# Proposed Ordinance Could Make It A Crime To Call Police On People of color.



## RodneyFarva (Jan 18, 2007)

*Your daily dose of dumb.*

Grand Rapids, MI - Grand Rapids city leaders are considering a proposed human rights ordinance that would make it a criminal offense for citizens to call police on people of color if it is determined they haven't broken any laws.

The commission held a public hearing on the ordinance on April 23, to discuss "making it a criminal misdemeanor to racially profile people of color for participating in their lives," according to a city press release.
The proposed human rights ordinance defined a plethora of protected classes that have allegedly been the subjects of "biased crime reporting."

Under the proposed ordinance, citizens would be prohibited from "knowingly or recklessly" reporting crimes or potential crimes "if such report is based&#8230;on the individuals' membership in a protected class and not on a reasonable suspicion of criminal activity in consideration of all available facts and the totality of the circumstances."

Anyone determined to have violated the ordinance would face a potential $500 fine, according to WOOD. 
"They look bad because they approach individuals who are people of color, and it appears the police department is biased when really they're responding to phone calls made by the community and it appears that a number of those are motivated by people in a discriminatory way," he explained.

Resident Lisa Wood told the commission that she is in favor of the ordinance because she is concerned about the welfare of her biracial grandchildren, WOOD reported.

"I am appalled that I live in a city that has to have an ordinance that tells people not to call the police on people because of the color of their skin," Wood said. "I refuse to let them grow up in that kind of world."

Grand Rapids Diversity and Inclusion Manager Patti Caudill said that the ordinance is not intended to discourage people from placing 911 calls, according to MLive.

"Call the police, but if you're calling because your neighbors are having a barbecue and you're calling because of some implicit bias because they're people of color, we don't want to see that," Caudill said.

Proponents of the ordinance claim that law enforcement officers have needlessly been dispatched to multiple scenes unnecessarily due to discrimination or implicit bias on the part of citizens reporting alleged crimes, MLive reported.

"Often times, the Grand Rapids Police Department ends up being caught in the middle of what is a bigger community problem," LINC Up advocacy group director Jeremy DeRoo said. 
"It is good that we as a community value leaving people alone and letting them live their lives without fear of discrimination, but we already have laws saying it's illegal to discriminate based on their protected class, and to create additional redundant legislation does nothing," one resident said, according to WOOD.

The city commission is scheduled to vote on the ordinance sometime after May 14.
"If you're in a park or see someone coming through the neighborhood who doesn't look like you, check your bias before you call the police," she added, according to The Washington Post.

Critics noted that the proposed ordinance would be difficult to enforce because the intent of the person calling police is not always known.

"How will investigators of the alleged bias determine what is truly a sinister and criminal motive from a simple misunderstanding?" one citizen asked the commission, according to The Washington Post.

Others expressed concerns that people would likely hesitate to report crimes to police out of fear of making a mistake and being criminally charged.

Law enforcement agencies generally encourage people to report suspicious behavior, even if they don't know a crime is being committed.

Citizens also noted that filing a false police report is already an illegal act, and argued that the new ordinance is redundant.


----------



## Kilvinsky (Jan 15, 2007)

Citizens also noted that filing a false police report is already an illegal act, and argued that the new ordinance is redundant.


----------



## AB7 (Feb 12, 2019)

This new ordinance definitely seems like it won’t cause any problems. *eye roll*


----------



## CCCSD (Jul 30, 2017)




----------



## pahapoika (Nov 5, 2006)

Case like this happened years ago in the neighboring suburb of Boston.
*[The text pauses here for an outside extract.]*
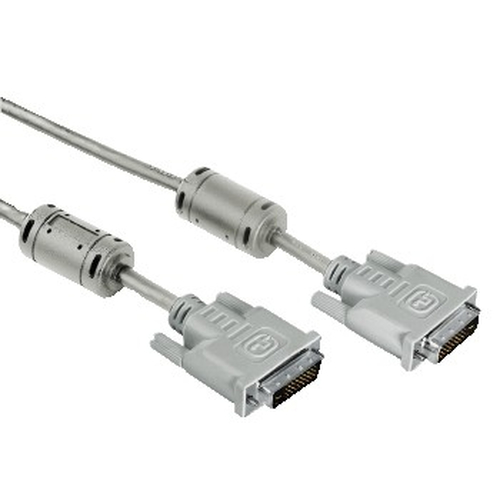 Кабель DVI Hama DVI-D(m) dual link/DVI-D(m) dual link 1.8м феррит.кольца экран. позолоченные контакты (00045077)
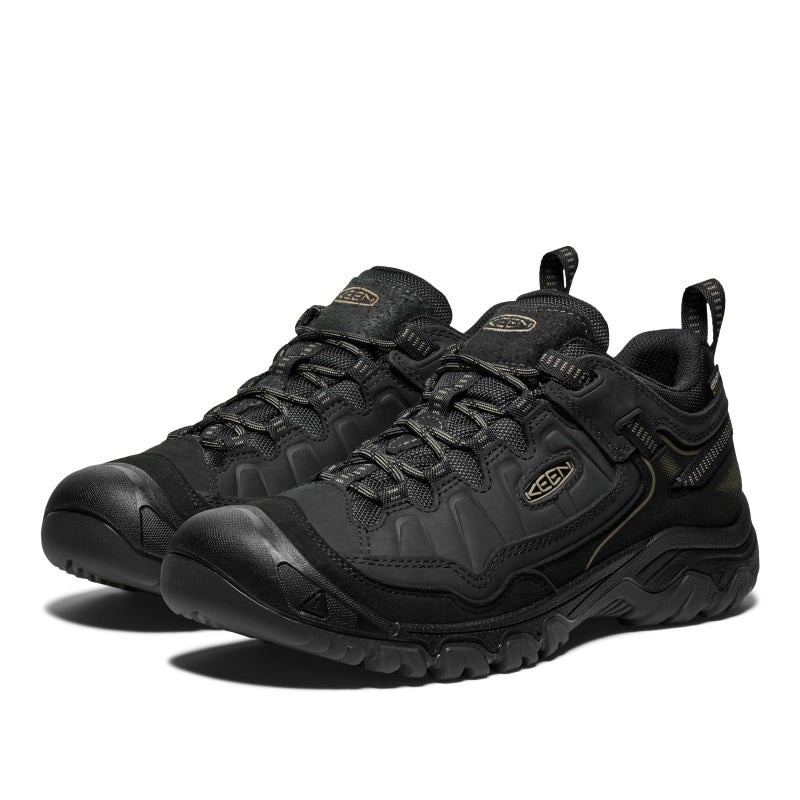 KEEN Men's Targhee 4 Low Height Durable Comfortable Waterproof Hiking Shoes, Triple Black, 11 - Image 4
Old woman called the cops because she saw a guy sitting in a car across the street from her house unaware that the neighbors daughter had invited her friend home from high school.

The father was sitting outside waiting to pick the daughter up when the police rolled up on him. They asked him what he was doing, said it was none of their business , copped an attitude and he was arrested.

Turns out he was a lawyer or something like that and sued the balls off of that town. 

That was many moons ago and can't really see any mordern day police department operating in that fashion. Perhaps community activists trying to stay relevant ?

That's a dangerous game . It's detrimental to the city and its relationship with law enforcement.


----------



## HistoryHound (Aug 30, 2008)

People shouldn't be discouraged from reporting something that concerns them. That scenario could have ended differently if the guy had just said that he was there to pick up his kid. Should the neighbor have called? Maybe. Should the police have investigated the report? Absolutely. He may have been there for a legitimate reason, but the only way to know for sure is to ask him. We have people come through the neighborhood selling stuff fairly often in the decent weather. Am I not supposed to call the station about the shady guys pushing discount house cleaning? Should they not respond because when I describe the pair and their vehicle my description doesn't include the word "white"? A few years after we moved here, we got a knock on the door from a detective because one of my neighbors had her house broken into in the middle of the afternoon while she was in her backyard. I didn't see anything then, but you bet your ass I'm calling if I see something shady now.


----------



## Kilvinsky (Jan 15, 2007)

"9-11 what's your emergency?"
"There is a human being acting suspiciously outside my house and has been there at least 15 minutes just hanging around."
"Can you describe him?"
"I didn't say it was a male or a female."
"Can you describe the person?"
"I'd rather not."
"Can I at least ask what the person is doing that seems suspicious?"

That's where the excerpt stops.